Exercise brief: Exact repetition, please: start with the line where "Helikon-Tex GUNFIGHTER bunda" appears and stop after the final line of the records.

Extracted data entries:
=== Section Start ===

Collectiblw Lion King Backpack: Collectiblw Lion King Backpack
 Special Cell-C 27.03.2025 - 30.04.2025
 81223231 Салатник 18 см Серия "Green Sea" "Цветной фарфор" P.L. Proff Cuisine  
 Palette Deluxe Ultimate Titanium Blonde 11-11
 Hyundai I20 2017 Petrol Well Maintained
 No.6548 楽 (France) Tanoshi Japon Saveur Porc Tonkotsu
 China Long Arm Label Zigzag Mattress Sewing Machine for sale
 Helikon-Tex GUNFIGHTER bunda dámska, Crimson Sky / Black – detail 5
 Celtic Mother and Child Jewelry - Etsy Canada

=== Section End ===

Solution below:
 Helikon-Tex GUNFIGHTER bunda dámska, Crimson Sky / Black – detail 5
 Celtic Mother and Child Jewelry - Etsy Canada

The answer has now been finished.